A side street scene from downtown Powell.
Powell is a very nice town.  Similar to Cody in that it has very wide and clean streets and friendly small town people.
There are no "big box" stores in Powell.
No Wal-marts or K-marts or Home Depots.  Very few chain fast food restaurants.  Lots of small business owners.
Whenever LC and I drive to Powell we speculate about living there at some point in the future - mostly to get away from the overwhelming number of tourists that we have heard invade Cody during the summer.
But whenever we drive back to Cody we inevitably decide that we like Cody better.
We'll see.
We are settled in one place for now and greatly like where we are.
For the small house we are currently renting I managed to find place for an old 10 foot wooden table.  
And 30 stoneware crocks.
And a pewter collection and quilt collection and wooden spool collection.
Don't ask how because I have no idea but we made it work.
There are multiple plastic storage containers in the shed with our names on them and LC has good naturedly asked that if I decide to start up another collection to make it a stamp collection.
I love the thousands of acres of BLM land behind the house, the scenes of the mountains that surround us and the increasingly frequent sunsets we see from the porch in the evenings...............
There is a mom and pop restaurant in Powell called Hansel and Gretals.
These whimsical characters were on the outside of the restaurant (which is actually a combination pub slash restaurant) and were what initially caught my attention.
After I met up with LC again we went for a late lunch here.
When we walked into the building the first thing I saw was a piano painted bright red and again with these two figures painted on the sides. 

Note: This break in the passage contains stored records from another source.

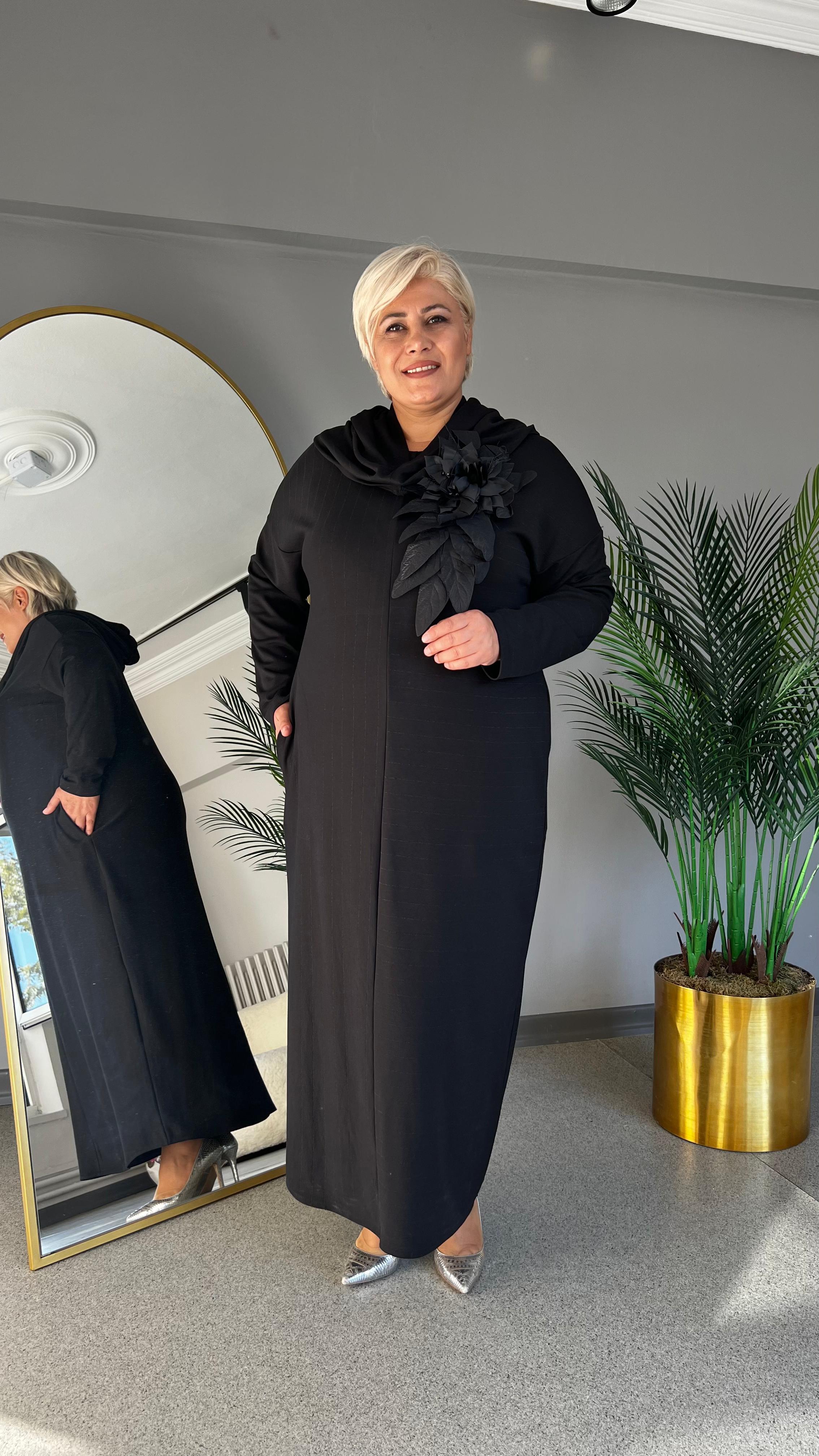 Selma Büyük Beden Seyyar Kapişon Detaylı Elbise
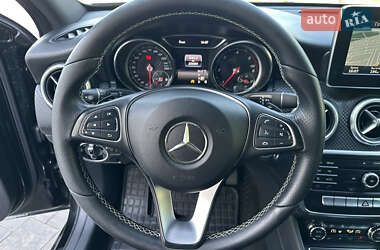Хетчбек Mercedes-Benz A-Class 2016 в 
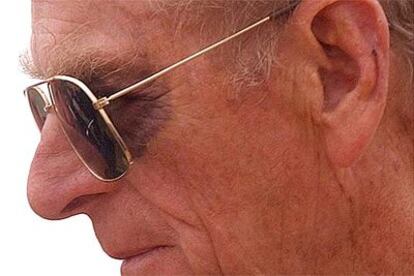 El príncipe Felipe, con gafas de sol, asiste a una misa en memoria de los británicos muertos en la guerra de Crimea.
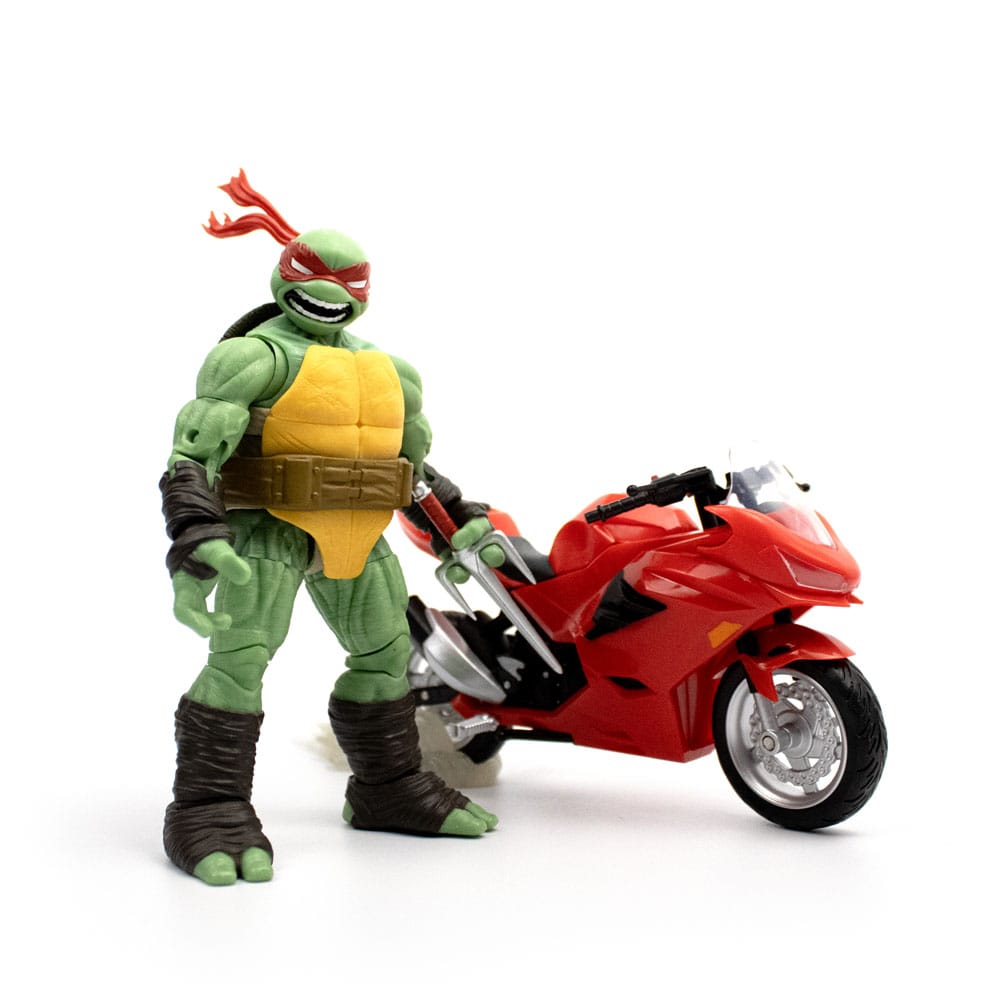 Teenage Mutant Ninja Turtles Action Figure Vehicle Raphael with Motorcycle 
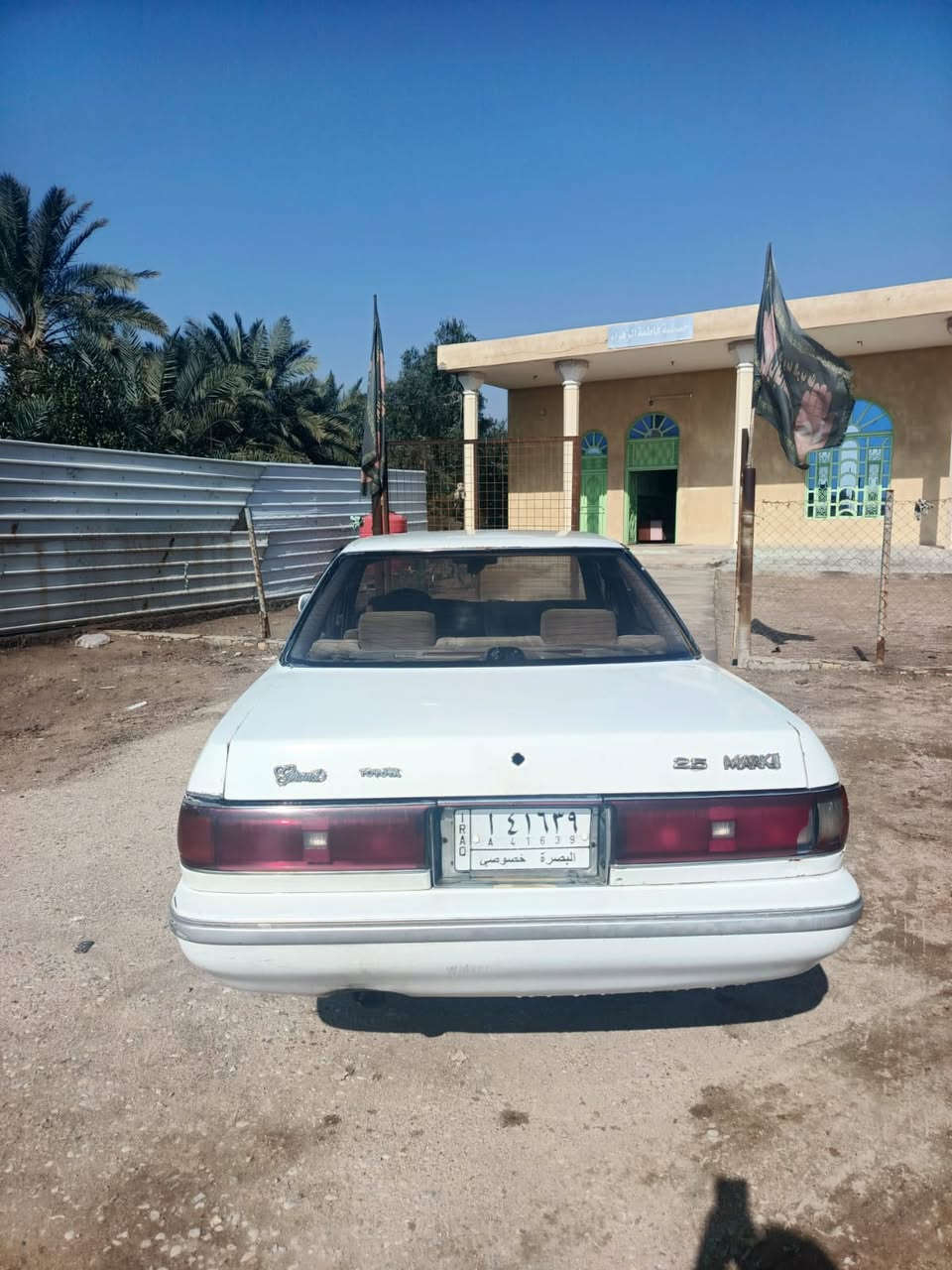 سلام عليكم هاذه السيارة لبيع مارك كصيف  كير او مكينه ونجي خير من الله  مكان البصرة شرط التحويل  السعر 32 ورقة او بيها مجال حك الجية  . رقمي لاستفسار *********** مكلف بل نشر هاذ رقم راعي السيارة
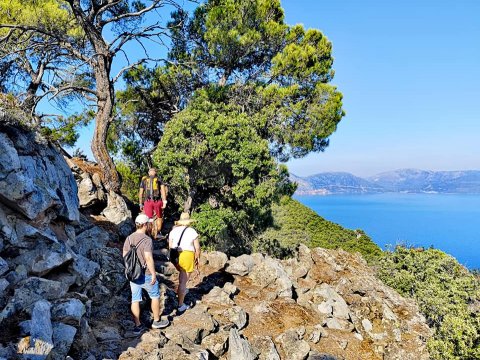 hiking-tour-methana-volcano-greece-peristera-cave-πεζοπορια.jpg8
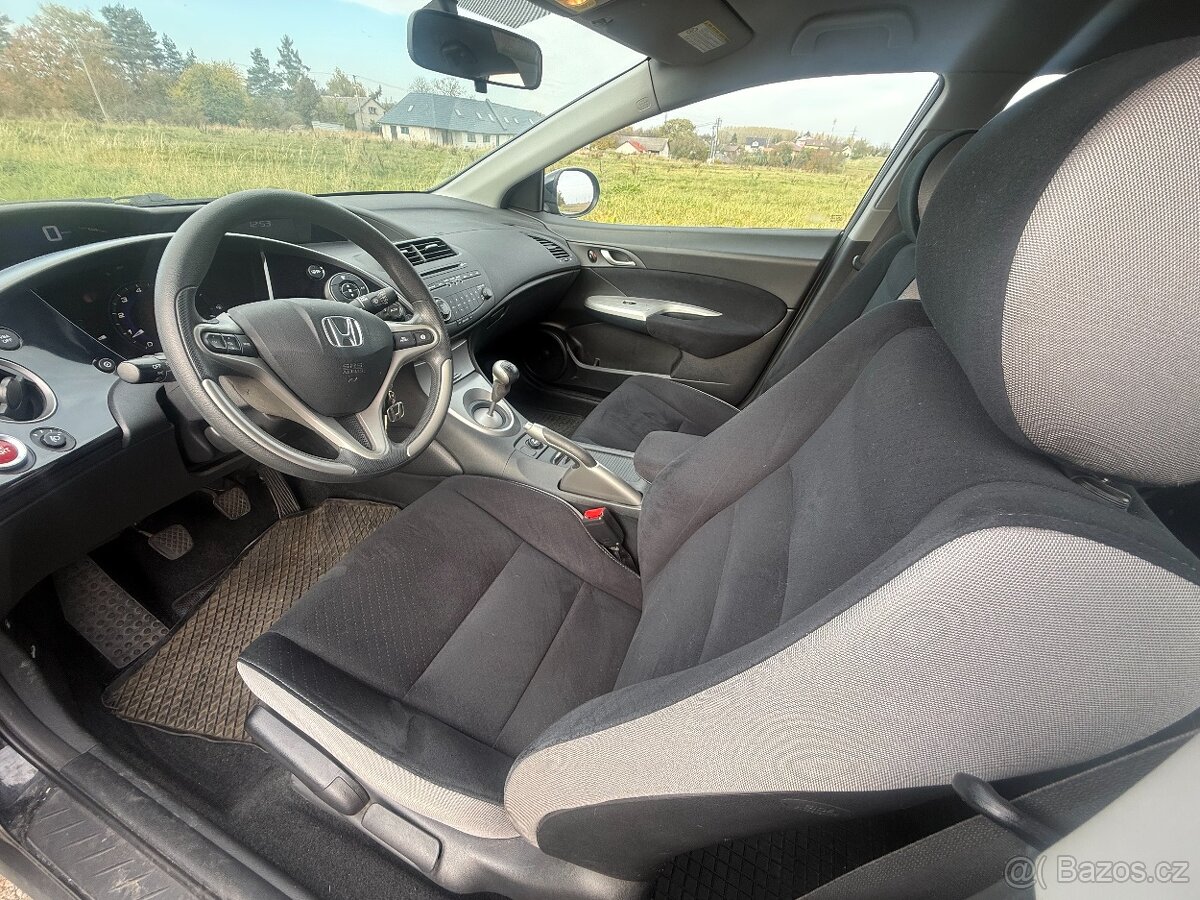 Honda Civic 1,8 VTEC 1.majitel najeto 107000 km - 10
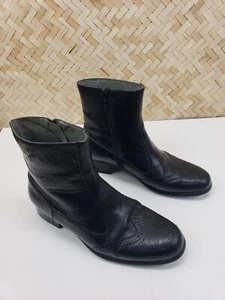 Vintage Botany 500 Black Leather Side Zip Ankle Boots WING Tip Mens Size US 7M 7 - Picture 1 of 13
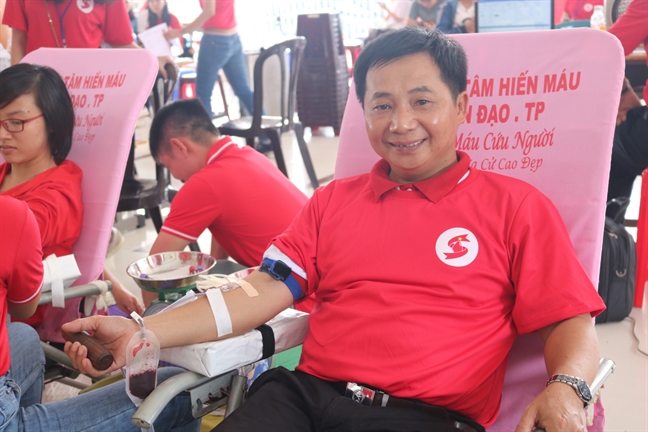 'Tôi đau đớn mất mẹ nên mong giúp nhiều bệnh nhân được sống' 'Toi dau don mat me nen mong giup nhieu benh nhan duoc song'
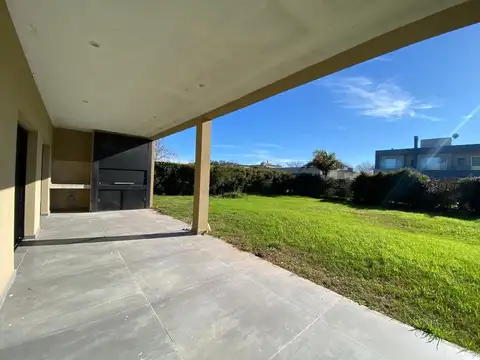 Casa 6 ambientes con 5 baños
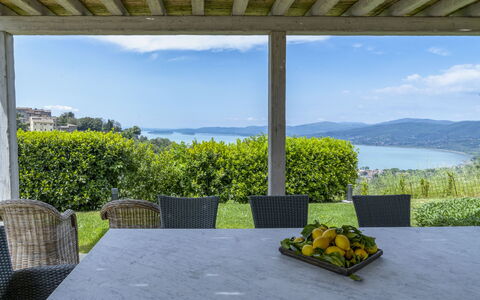 Villa Cotogna: Möbel, Schatten, Gartenmöbel, Stuhl, Veranda, Tisch Im Freien, Resort, Eco Hotel, Balkon, Küche & Esszimmer Tisch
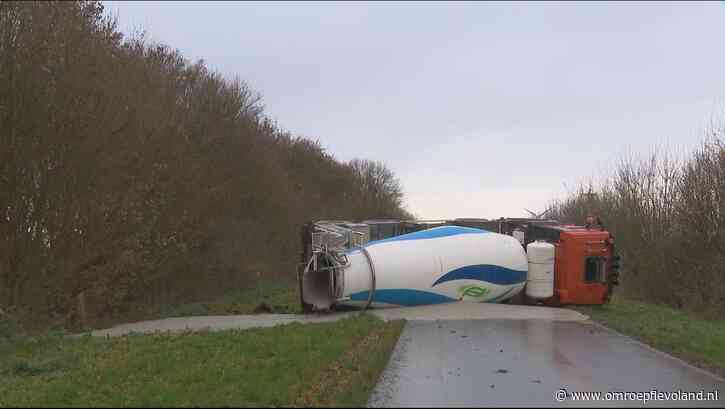 Zeewolde - Omgeslagen betonmixer lekt beton, Ooievaarweg voorlopig afgesloten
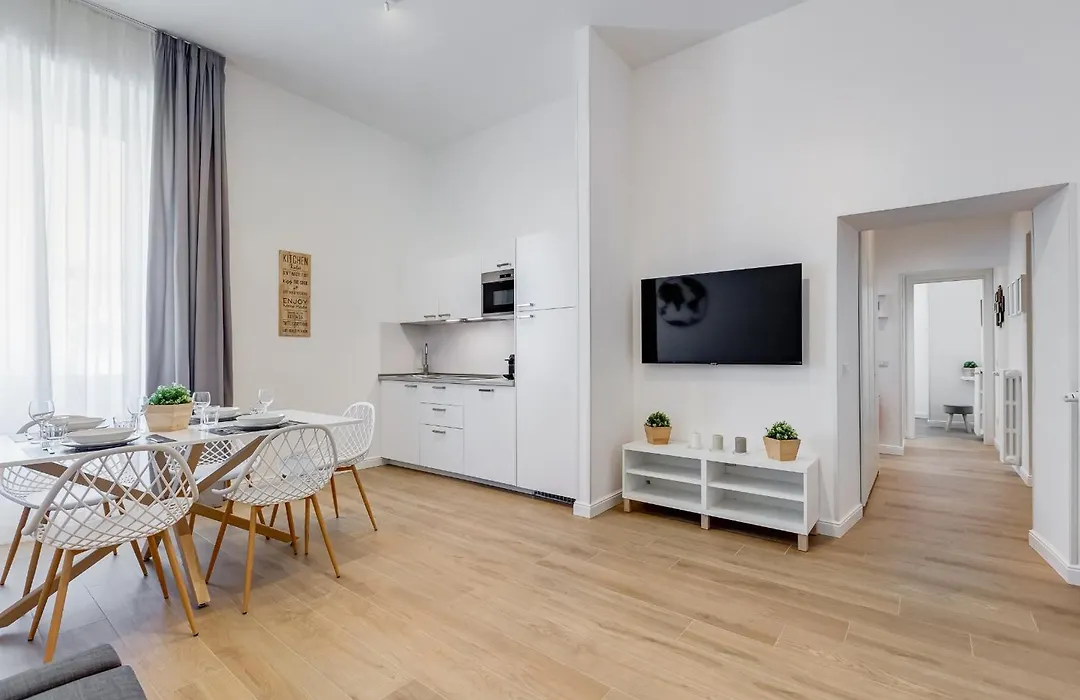 Colonna Luxury Apartment-1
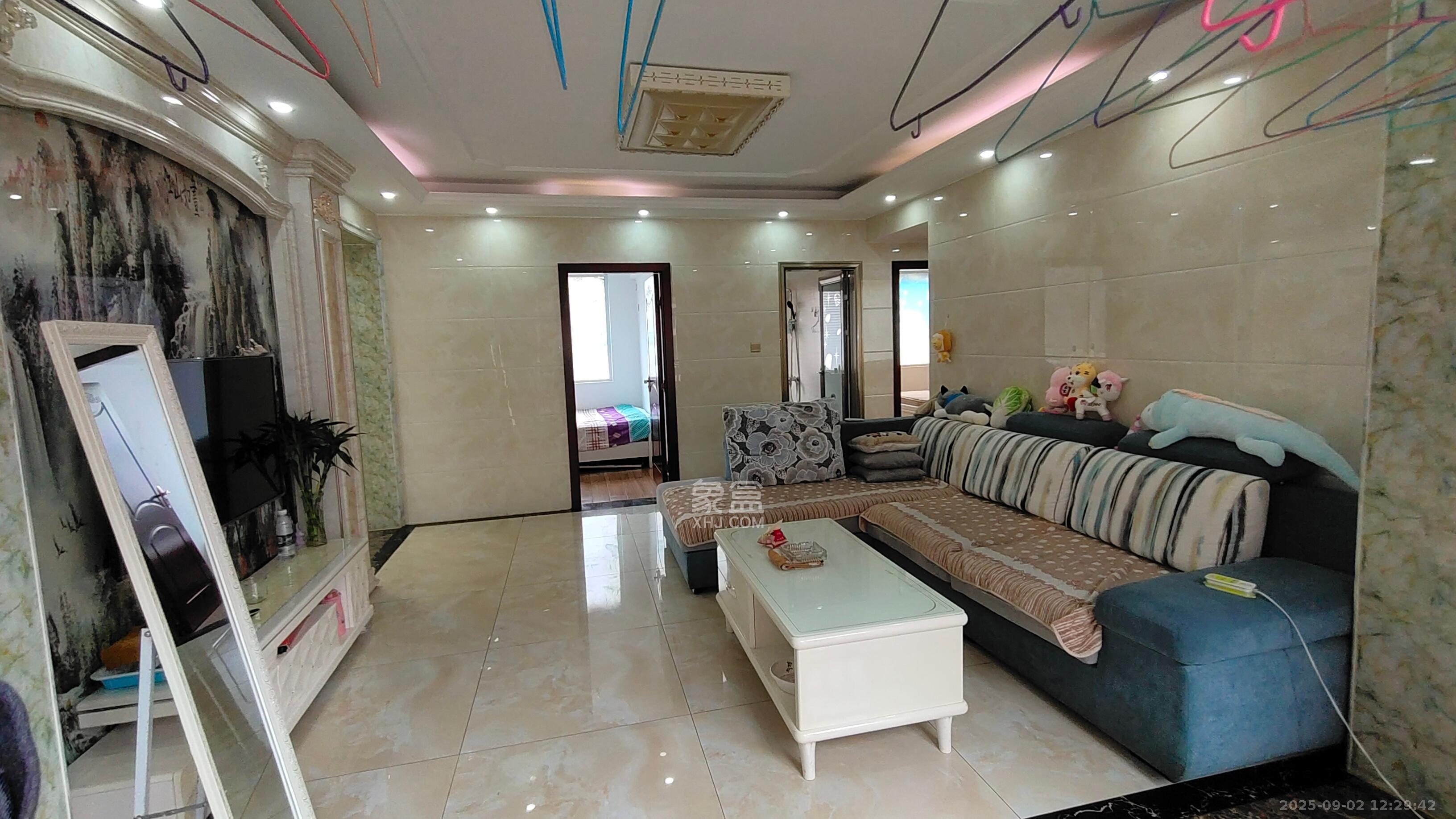 丽发新城  3室2厅1卫    2200.0元/月 丽发新城  3室2厅1卫    2200.0元/月室内图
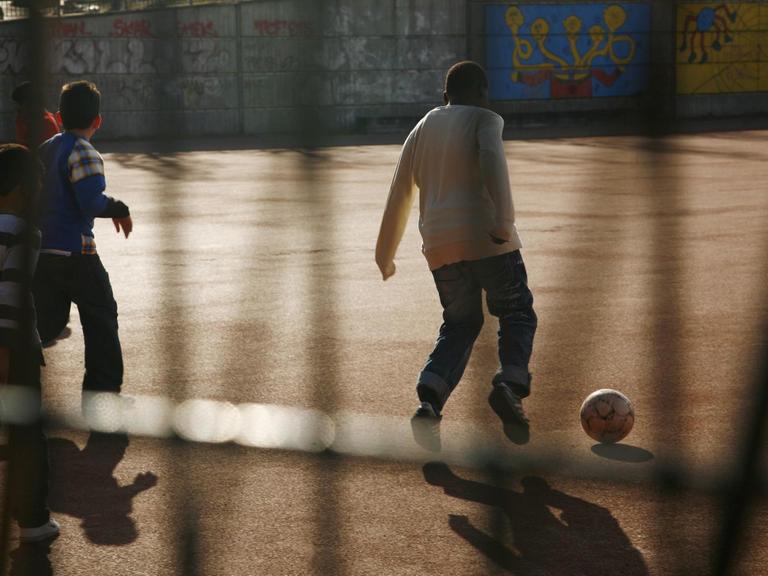 Kinder spielen Ball auf dem Schulhof einer Schule im Bezirk Kreuzberg in Berlin im März 2011. Mehr als 70 Prozent der Kinder hier haben einen Migrationshintergrund.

It was not as goofy as it sounds.
Between the heavy dark wood, the ginger-bread decoration, more Hansel and Gretal characters and multiple big-screen TV's playing everything from Nascar to hockey to rodeo to Fox News it was an interesting and unique place.  
And always happy to support a local business.
Two big chili dogs with fries, a beer and a coke and we were on our way.............
I am not certain why but I thought a lot about Alaska today.
There were so many things that I loved about living there - the channel, the mountains, the pine trees, the rivers and streams, Eagle Beach, Skaters Cabin, Mendenhall Glacier, Mt McGinnis and Mt Roberts and the tramway, the over-the-top excitement of the tourist season, the Boy Scout Trails, the boats in the harbors, the boardwalks, the ferry, Haines, Ketchikan, Sitka, bears, eagles.  
With very few exceptions I do not miss the people.  At all.
And truthfully it is nice to be in the sun again.
I received a phone call from one of my young managers today.  
He resigned after being in Juneau for three months, is now in California and good-naturedly complained to me today about his sunburn.  He sounds happy and I am happy for him.
I liked him very much and wish that I had had the chance to work with him longer..........

Wyoming is very beautiful in a way that is very different from Alaska and I find myself still trying to wrap my brain about the differences.
It is a culture shock.  
Because of the change in landscape.  The change in weather.  The whole "cowboy thing".
I like Wyoming very much.
I like the honest and open and down-to-earth people very much.
The sheer "realness" of the people lightens my heart a little more each day.
And that it what I needed at the beginning of a new life........

More sunset pictures taken from the front porch..........
I clicked on a Stats tab for the first time while blogging today and found out some way-cool information about my blog.  
It told me how many had visited the site today, this week, this month, since I began blogging.
Which blog posts people visited the most.
Which countries had visited the site.
People from the US, Canada, Australia, England, Russia, India, Qatar, Ukraine to mention only a few.
I had NO IDEA who all was reading this thing (or even if anyone was really reading this thing anymore since I moved from Alaska).
That was not really the point of the blog of course.
I started it initially as a way to keep friends and family informed about what my new life in Alaska was like.
And (thanks to a shiny new digital camera that my oldest son bought for me for Christmas right before I left Tennessee) a way to show pictures of what Alaska looked like.
Other readers were not really the point initially but it is nice to know that people look and read and visit.
Thanks to all...........
 
 There are only two ways to live your life.
One is as though nothing is a miracle.
The other is as though everything is a miracle.